Saturday, October 11, 2008

Barefoot in the kitchen, part III: Lovely lasagna

So, once you have a bunch of spaghetti sauce, what do you do with it? In my world, you make lasagna. Perhaps one of the most perfect foods as it includes my favorite ingredient: cheese. And then there's the fact that you can make it in advance, freeze or refrigerate it, and it only tastes yummier when you finally take it out and cook it. And it can easily be vegetarian or meatatarian.
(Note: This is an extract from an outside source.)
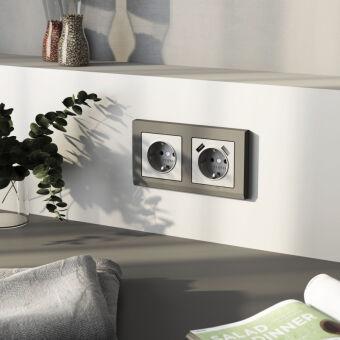 Розетка Werkel W1171065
I'm a big fan of preparing food beforehand and then getting to relax and socialize while an amazing meal bakes to perfection in the oven.
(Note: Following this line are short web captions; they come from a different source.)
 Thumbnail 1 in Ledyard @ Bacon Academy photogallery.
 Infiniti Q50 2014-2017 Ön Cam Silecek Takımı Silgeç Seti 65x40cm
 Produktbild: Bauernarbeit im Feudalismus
And then there's the sappy quotient: It's a food my now-hubby taught me how to make once upon a time, a long time ago. Fourteen years ago, he was a much more adventurous chef than I. I could rule the kitchen when it came to making, and had a few "other" dishes, but lasagna was one of those things I considered "too complicated." No longer.
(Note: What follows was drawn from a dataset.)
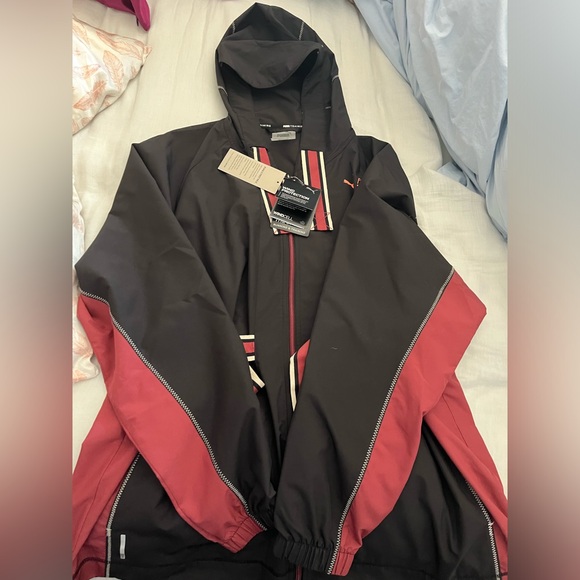 PUMA x FIRST MILE | Women's Anorak | Size Large - Picture 8 of 11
Today's inspiration for lasagna? Perhaps it's an unconscious nod to hubby's and my first date 14 years ago, to the Pacific Lutheran University Homecoming. Today? We're playing hooky from our 10-year homecoming festivities (there isn't much actually going on for the reunion specifically, so I don't feel bad) and going up to Seattle to see Weezer perform live. The kids are jealous. They sing Weezer songs day and night, and so I made them pork and beans for breakfast. Only Baby Girl was excited, but by lunch they'd woken up enough to appreciate the humor.

Back to the food ... so, really, there was beef that needed to be cooked in the refrigerator, and I finally harvested my six tomato plants the other day and had sauce coming out of my ears. This version was a little different than the last couple batches ... no bacon in this round, and no added nutrition in the form of blended up chard and carrots.

This week's base sauce ... consists of about nine different kinds of tomatoes (from my six plants, plus the tomatoes that came in my weekly Terra Organics produce order), a green peppers, onions, a jalepeno, some red wine and olive oil, a bit of salt, a ton of garlic, all cooked for about two hours until it got a more sauce-like consistency. It was fun watching my rainbow of yellow, green, orange and many different reds tomatoes cook down into a deep red sauce. I didn't use fresh herbs this time around because it was dark out, and I just wanted to cook the darn tomatoes.

Plus I figured making some food in advance for this week might be a good idea. Especially food that has my Basement Brother and Hubby drooling for more. The kids still look at it suspiciously (they don't like their food touching food -- so lasagna still elicits skepticism), but we'll try again ...

Anyhow, enough chit-chat, here's my recipe for this week's lasagna ...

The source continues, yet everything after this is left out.